Annotation consistency: HTP
(anyone can add themselves)
- Emily Dimmer, Stacia Engel, Val Wood, Ruth Lovering, Varsha Khodiyar, Susan Tweedie
Do we need to create a 'HTP' tag? Why would we need that:
- allow users to distinguish between large scale and gene-by-gene experiments
- would give the possibility to exclude this data from some analyses if required
- HTP users who use GO to validate their results need to remove HTP data which uses the same methods as theirs
2. Proposed solution(s)
3. Comments/counter arguments
[09-09-2008] I am very much for the creation of an HTP tag. Investigators have asked specifically how we are dealing with such results, some would be interested in having the option of removing them from the annotation set they use to validate their own methods.

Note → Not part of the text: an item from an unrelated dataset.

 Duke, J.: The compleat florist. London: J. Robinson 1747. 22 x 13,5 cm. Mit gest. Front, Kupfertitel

While I am not saying that all HTP methods necessarily produce less reliable than results (as with everything there is a range of quality), the huge number of annotations that such investigations can produce does have the potential to produce a greater number of erroneous data than small-scale experiments, particularly as unlike in a small focused experiment, investigators do not have the same time/opportunity to evaluate their all results in respect to the context of other knowledge.
In addition, for species/gene sets where we might not have very much other data, we could end up with a set of manual annotations which mainly originate from one/two investigations and which might produce some bias in the resulting GO annotation set? As we could get so much data from these sources, I'd like to be extra careful and once its in and tagged, we can then make the analysis as to the general confidence level - I get the feeling that experimentalists expect us to be careful as to how we present information from such large datasets.

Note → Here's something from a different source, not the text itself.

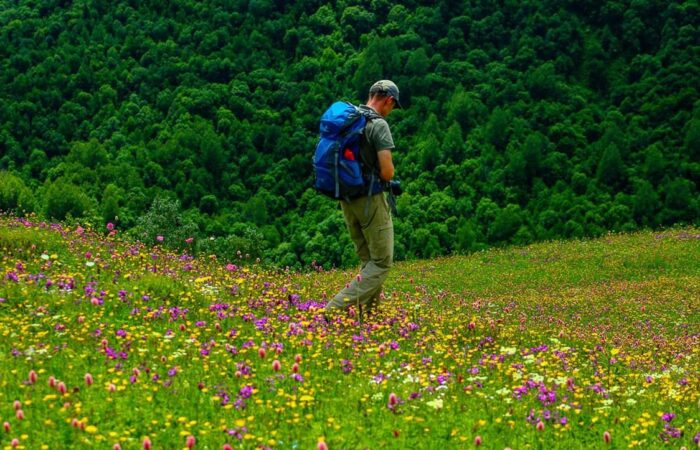A hiker on the flower meadow near Mestia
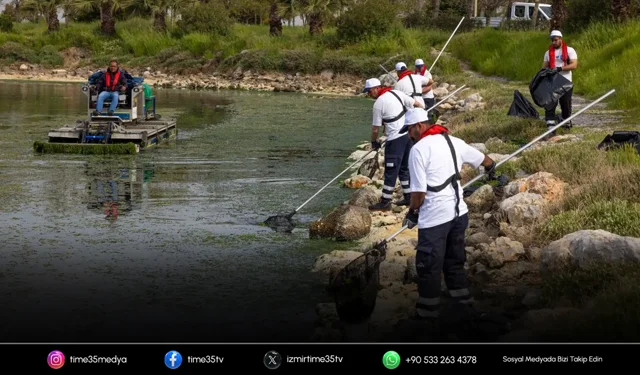 Deniz marulunun nedeni Gediz kirliliği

[09-09-2008 @ the conference call] Chris recommends adding those to ECO if we plan on using them.
[10-14-2008] In general, I am opposed to the creation of an HTP tag. This is because the volume of the experiment does not necessarily say anything about the quality of the data. In addition, the source of the data is already stated by the reference, and anyone who wants to remove that data set from their subsequent analysis can easily do so by parsing out by the source reference. Also, just because it is high volume does not mean the same algorithm or method is used for the data analysis, so removing HTP from subsequent analysis may remove data generated by a different method than the one being evaluated.
to summarize, the source tag gives the user the ability to include or exclude any data set they choose. the HTP tag does not indicate quality or type of data, only volume, and volume does not attest to quality or value.

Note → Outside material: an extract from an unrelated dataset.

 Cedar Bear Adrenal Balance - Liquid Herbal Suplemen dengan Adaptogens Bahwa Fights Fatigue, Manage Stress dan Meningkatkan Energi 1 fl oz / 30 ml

[10-14-2008] Maybe there should be an experimental code that could be attached to any annotation. It would indicate what type of experiment was behind the annotation. Researchers could sort the annotations for data analysis according to their specific interests. If they didn't want to include microarray data, then they could eliminate all annotations with a microarray tag (possibly "mic"). That would give more flexibility than just "HTP" or not.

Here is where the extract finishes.